(Supplied material begins)
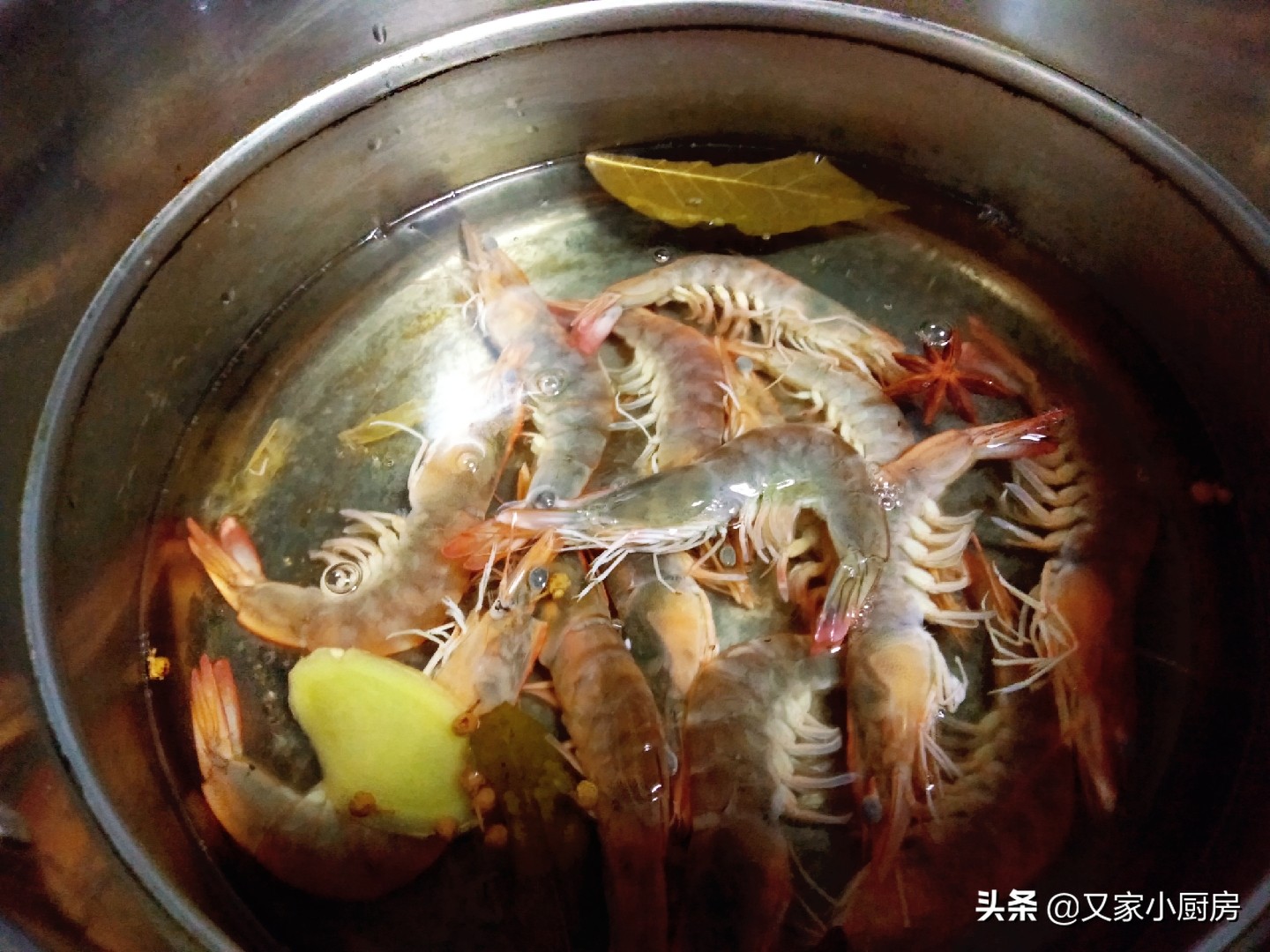 水煮虾是要热水下锅还是冷水下锅,正宗水煮虾的做法是热水还是冷水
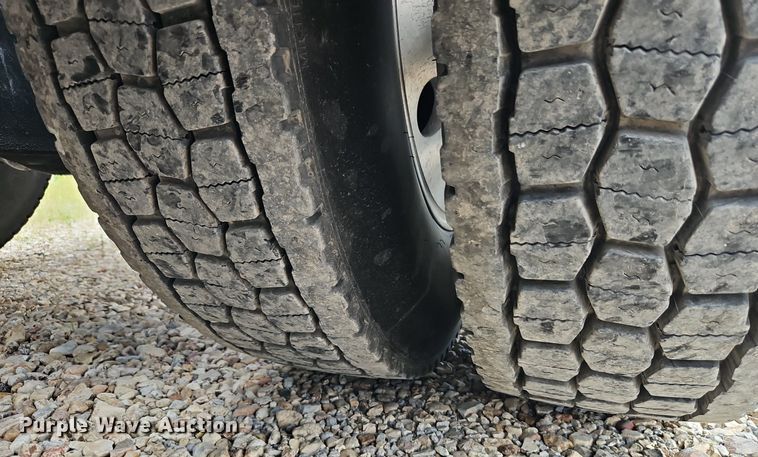 image for item EI3887 2016 Kenworth T800 semi truck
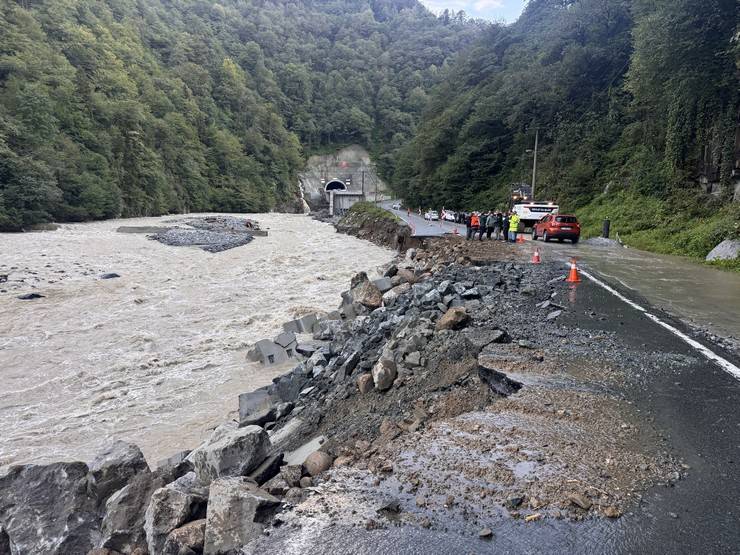 Çamlıhemşin-Ardeşen kara yolunda ulaşım kontrollü sağlanıyor 10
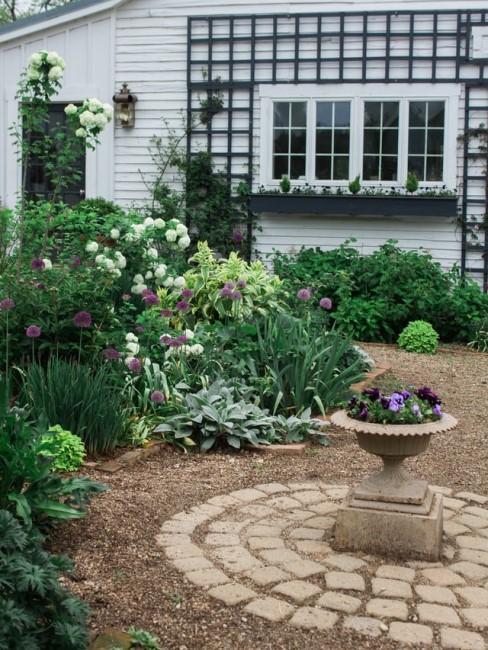 Jak zaprojektować ogród przed domem w stylu francuskim z małą doniczką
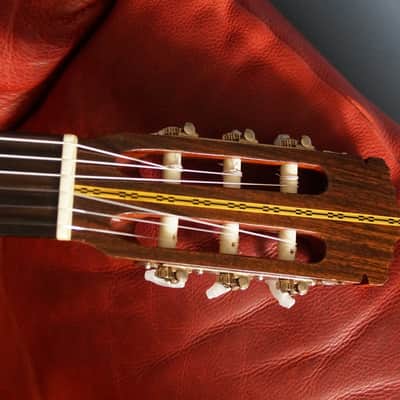 S Yairi clase 9002 classical guitar image 3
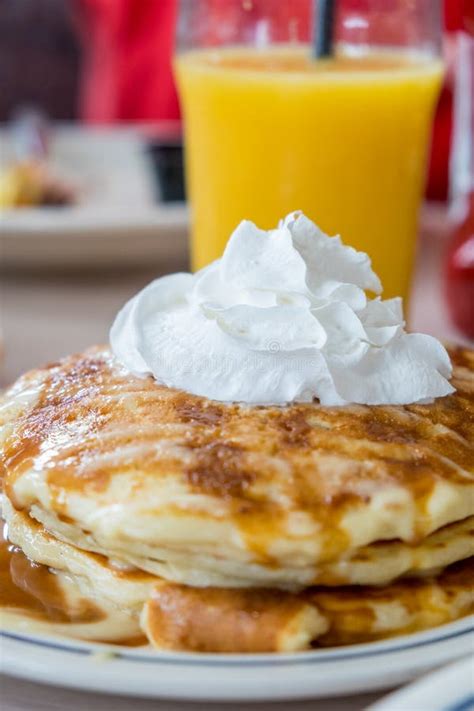 Afbeeldingsresultaten voor Pancakes with Whipped Cream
(Supplied material ends)
* [Exercise prompt]
Your output should be the lines above from the one that contains "image for item" through the one that contains "S Yairi clase 9002 classical guitar image 3", word for word, with pictures left out.

* [Task solution]
 image for item EI3887 2016 Kenworth T800 semi truck
 Çamlıhemşin-Ardeşen kara yolunda ulaşım kontrollü sağlanıyor 10
 Jak zaprojektować ogród przed domem w stylu francuskim z małą doniczką
 S Yairi clase 9002 classical guitar image 3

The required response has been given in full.